Please write out the lines of the data exactly, beginning with the first and ending with the line containing "Kjøkkenet er utstyrt"; leave the pictures behind.

-------

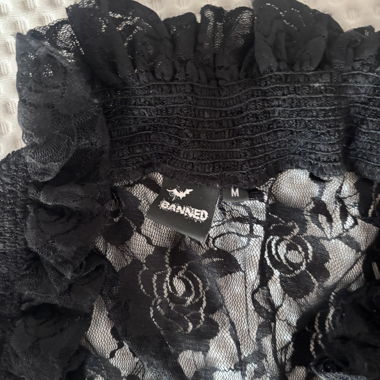 Top con balze in pizzo nero camicetta goth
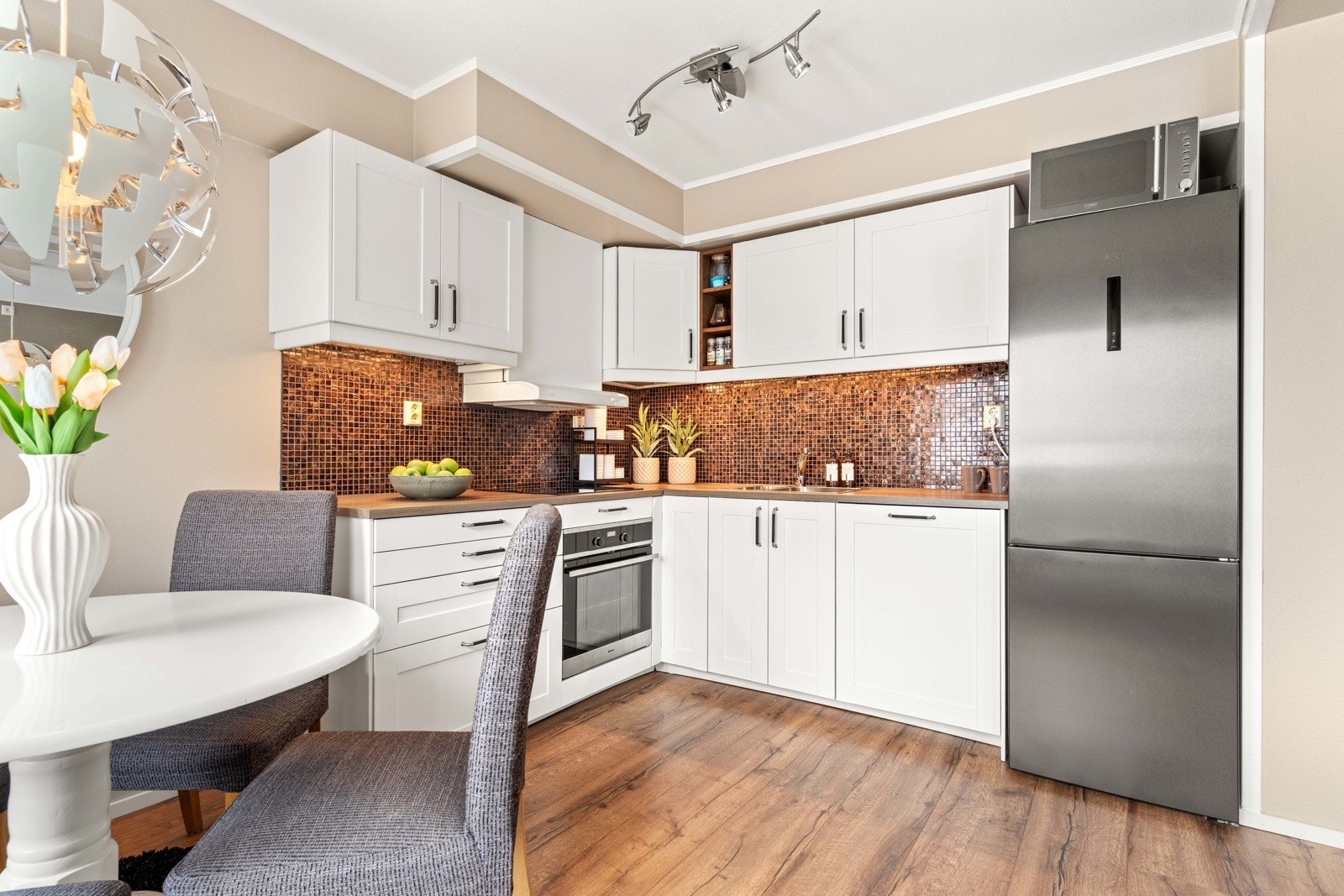 Kjøkkenet er utstyrt med integrert stekeovn, induksjonstopp, oppvaskmaskin samt ventilator. Galleribilde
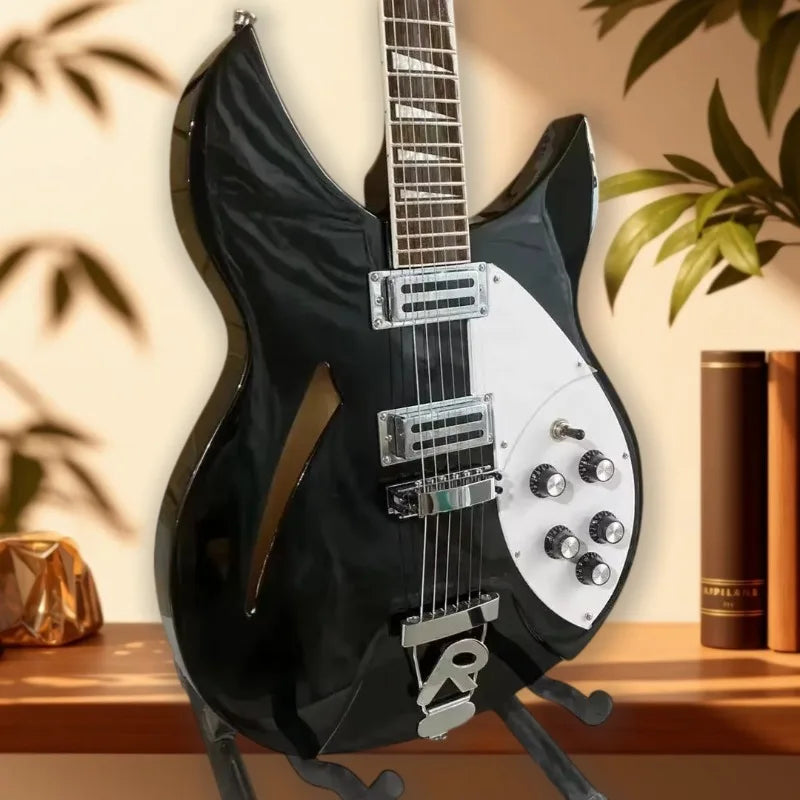 Guitarra eléctrica negra de 6 cuerdas, estilo 330, semihueca, con púas blancas, pastillas HH y puente de trémolo, ideal para rock, pop y escenarios. ¡Gran oferta!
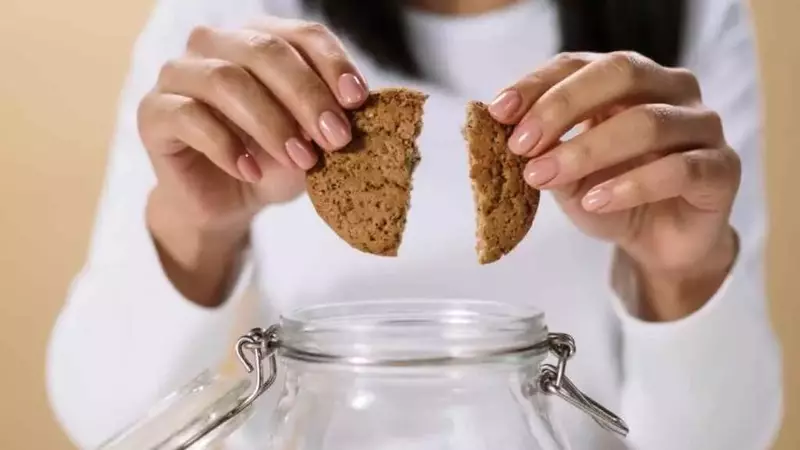 Il Mistero del Biscotto Spezzato: Cosa Rivelano i Bambini Rifiutando i Dolcetti Rotto?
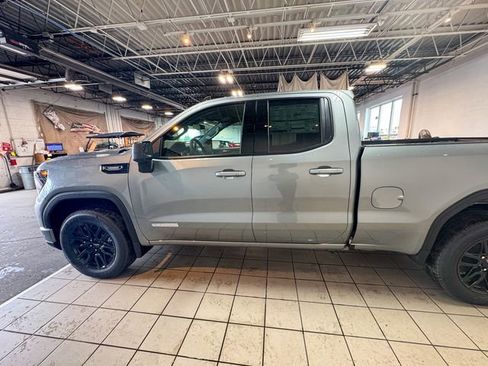 New 2026 GMC Sierra 1500 Elevation image 9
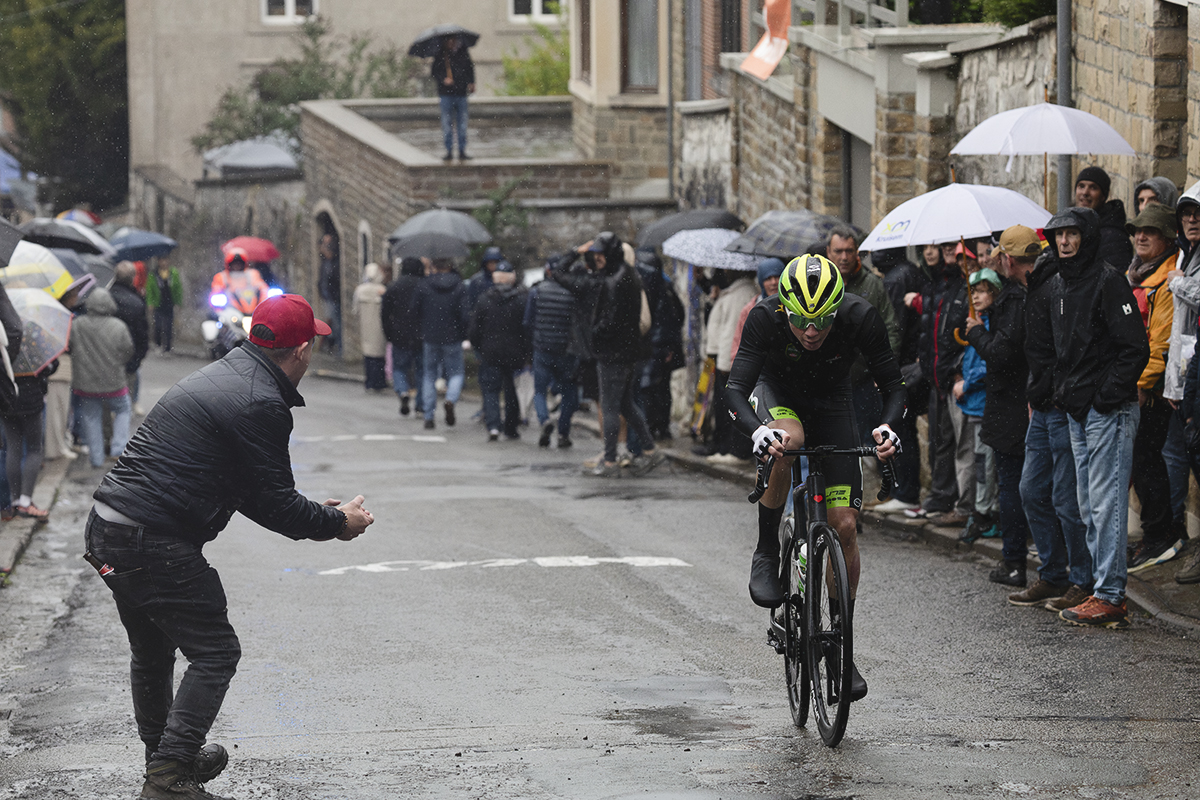 La Flèche Wallonne 2025 - Leander Van Hautegem is encouraged by a fan on the Mur de Huy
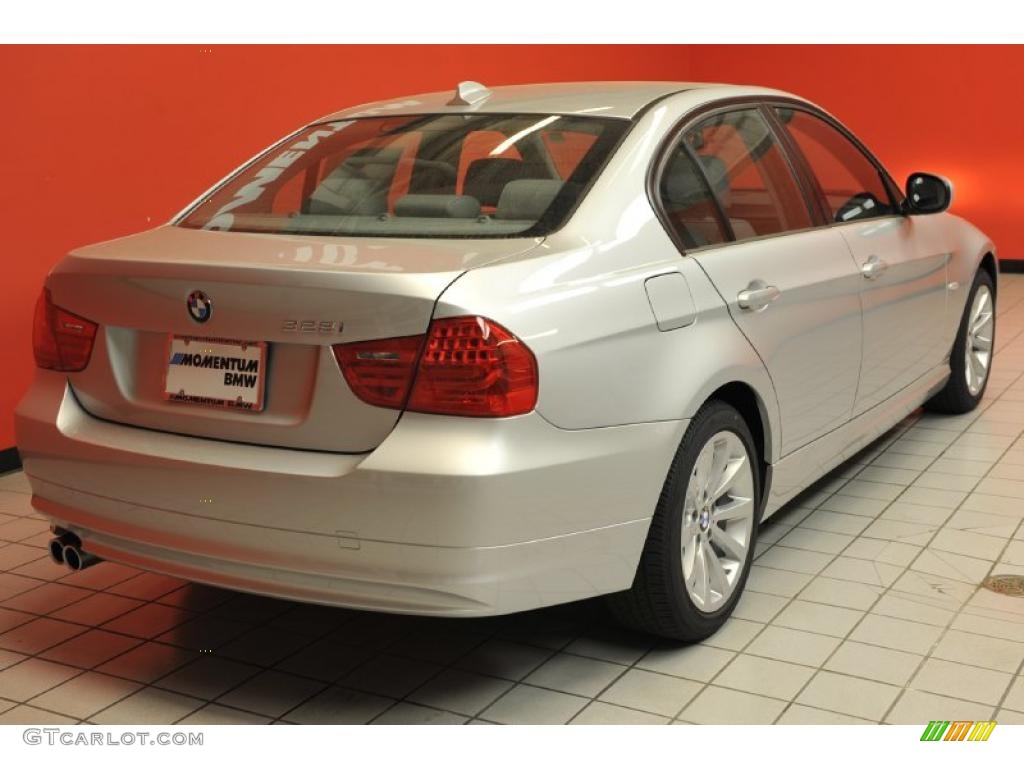 2011 3 Series 328i Sedan - Titanium Silver Metallic / Gray Dakota Leather photo #3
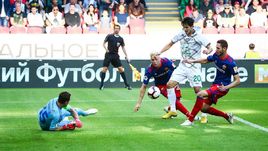 25 августа. Казань. "Рубин" - ЦСКА - 1:1. Сердар АЗМУН (№20) в штрафной Игоря АКИНФЕЕВА.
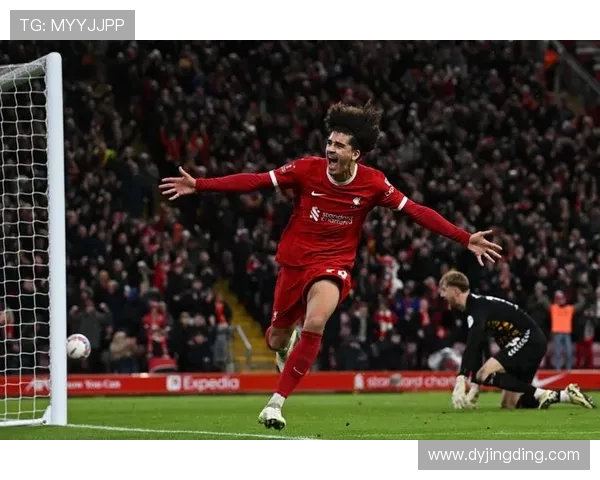 曼联与利物浦激情对决新浪直播全程回顾与精彩瞬间分析 曼联与利物浦激情对决新浪直播全程回顾与精彩瞬间分析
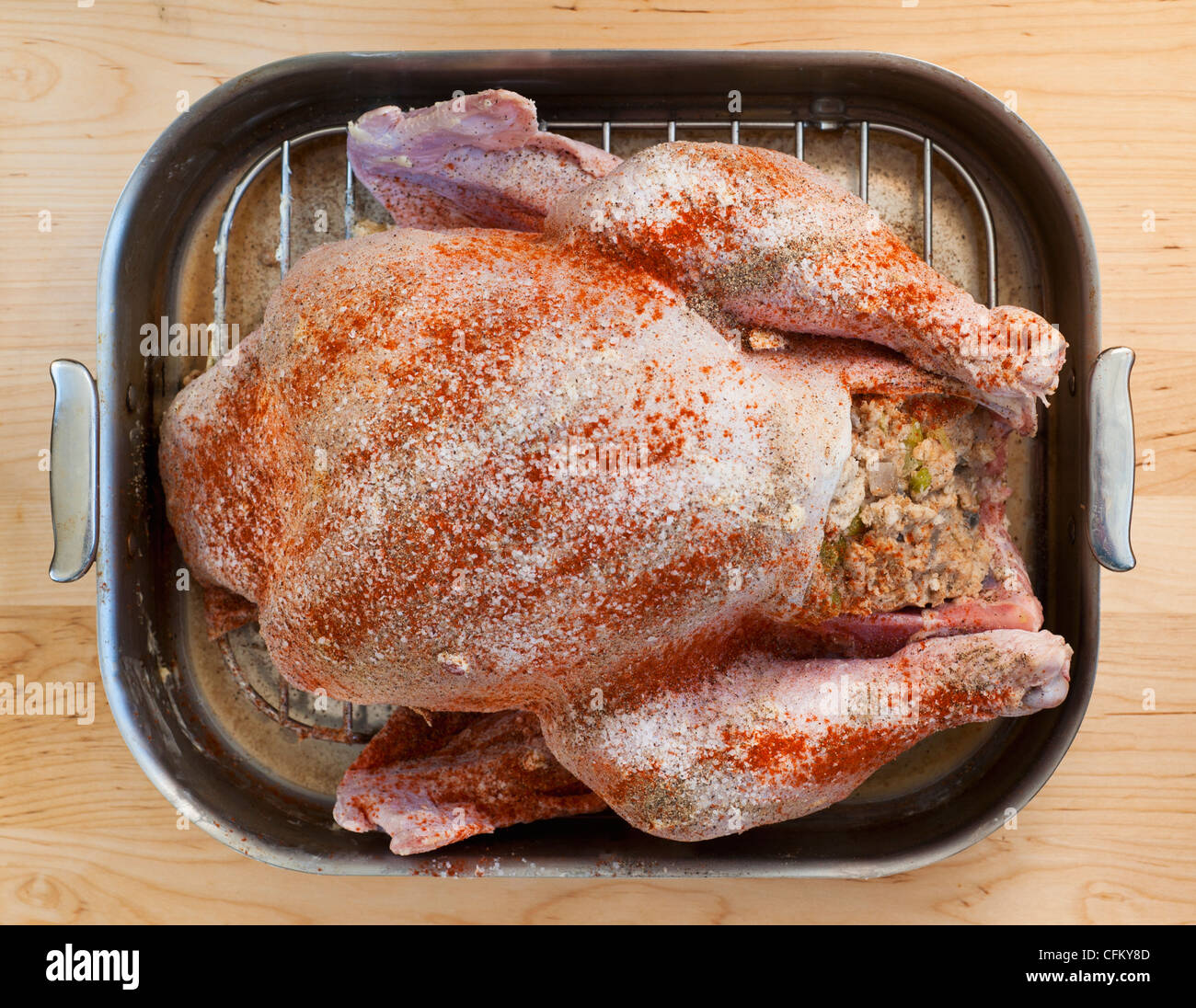 Raw turkey on roasting pan Stock Photo Alamy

-------

> _Exercise output_
 Top con balze in pizzo nero camicetta goth
 Kjøkkenet er utstyrt med integrert stekeovn, induksjonstopp, oppvaskmaskin samt ventilator. Galleribilde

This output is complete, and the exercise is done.